Dan diskusi dimulai.


Karena kebanyakan pesertanya dari negara barat, maka pikiran mereka sangat sekuler. Semua dinilai dengan materi. Dihitung untung ruginya. Karena mereka tidak mengenal konsep ikhlas apalagi pahala. 


Bagi mereka anak itu beban. Kamu bisa miskin dengan cepat apabila memiliki anak. Biaya membesarkan anak sangatlah besar. Untuk 1 anak butuh biaya milyaran untuk membesarkannya dari bayi sampai dewasa. Membesarkan mereka mampu mengurangi kebahagiaan bersama pasangan.

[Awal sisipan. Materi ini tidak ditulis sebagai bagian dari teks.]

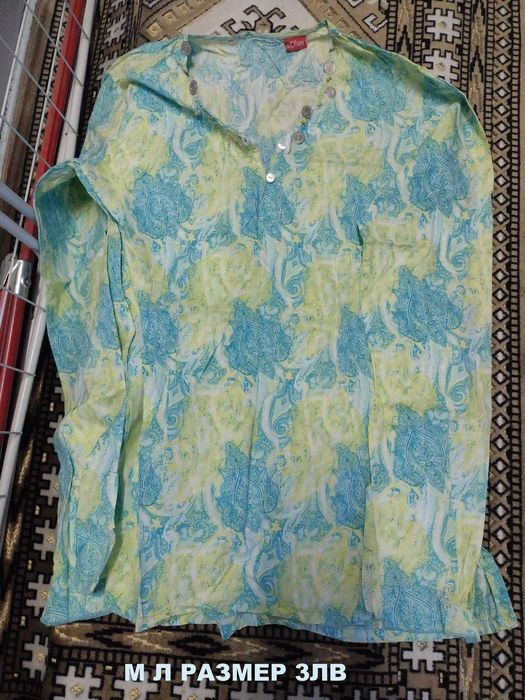 дамски блузи л размер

Karena sederet kewajiban yang harus dipikul ketika memiliki anak. 


Dan karena membesarkan anak adalah kewajiban orang tua, maka setelah mereka dewasa, orang tua tak berhak menuntut anak untuk membahagiakan mereka. Karena anak tak minta dilahirkan. Kita lah yang ingin mereka hadir.


Wuiih...seram sekali pemikiran mereka. Mungkin karena mereka belum pernah merasakan bahagianya melihat anak tumbuh. Mendengar celoteh anak. Apalagi menerima bakti anak. 

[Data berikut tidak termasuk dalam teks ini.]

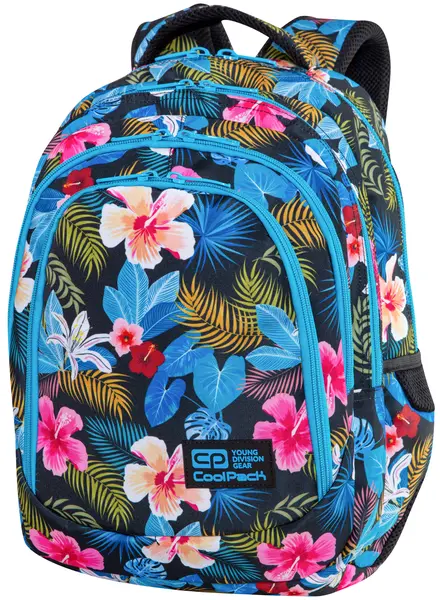 Ghiozdan școlar Cool Pack Drafter - China Rose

Makhluk hidup yang bernama manusia bakal punah kalau penghuni bumi hanya diisi oleh kaum mereka. 


Ketika si gadis meminta pendapat saya atas masalah ini, saya cuma bilang,


"Yakin kita bisa masuk surga dengan amalan sendiri?


Manusia yang pertama dihisab di akhirat nanti ada 3 orang. Ulama, dermawan dan pahlawan. Si ulama dengan ilmunya dan ibadahnya yang banyak, ternyata tidak bisa masuk surga karena terselip riya di hatinya. Dia beramal bukan karena Allah tapi karena ingin dipuji oleh manusia karena kesholihannya. 

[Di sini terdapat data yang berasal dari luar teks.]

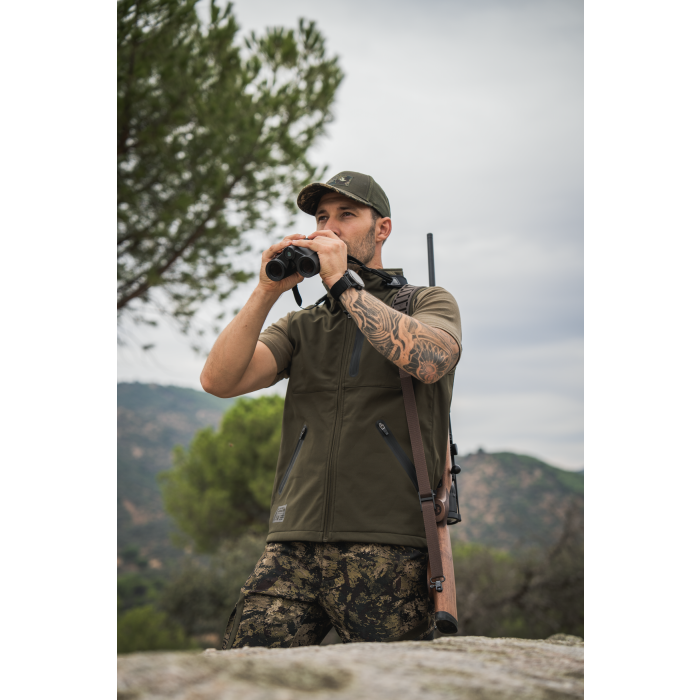 Kamizelka Seeland Chaser Aero Waistcoat Pine Green (40390003000)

Dermawan yang suka memberi, ternyata terselip rasa ingin dipuji oleh manusia. Terselip riya di hatinya sehingga niatnya bukan lagi muni karena mencari ridho Allah.


Pahlawan yang mati syahid, ternyata terselip rasa ingin dipuji oleh manusia, bahwa dia pemberani dan bukan berjuang karena Allah.


Akhirnya ketiga-tiganya masuk neraka.


Berkaca dengan kasus mereka, bagaimana kita bisa yakin, amal ibadah kita yang sedikit ini bisa menghantarkan kita masuk surga?


Tapi kalau do'a anak yang sholih tak ada hijab dengan Allah. Langsung dikabulkan Allah."


"Mau pilih yang mana? Tak mau punya anak atau punya anak yang sholih?"


Dia langsung mengangguk-ngangguk.


Emak tancap gas gigi 4. Mumpung pikirannya lagi terbuka.


"Membesarkan anak, memang tidak mudah. Banyak onak durinya. Tapi kalau ikhlas, akan banyak feedback dari Allah. Banyak kelucuan dan kebahagiaan membersamai mereka. Banyak ilmu yang kita dapat saat membesarkan mereka. Dan dapat pahala amal jariyah dari Allah.


Anak bukan beban. Meskipun membesarkan dan mendidik mereka menjadi anak yang sholih itu berat, justru itu ladang amal bagi orang tuanya. Hadiahnya surga. Kalau membesarkan anak itu mudah,hadiahnya kipas angin."


Dia pun terkekeh.😁


Sungguh agama Islam ini, agama yang Indah. Mengajarkan kita untuk bersabar dalam proses dan ikhlas dalam setiap perbuatan.  Terutama sabar dan ikhlas dalam membesarkan anak. Dan tersedia pahala yang berlipat ganda di sana.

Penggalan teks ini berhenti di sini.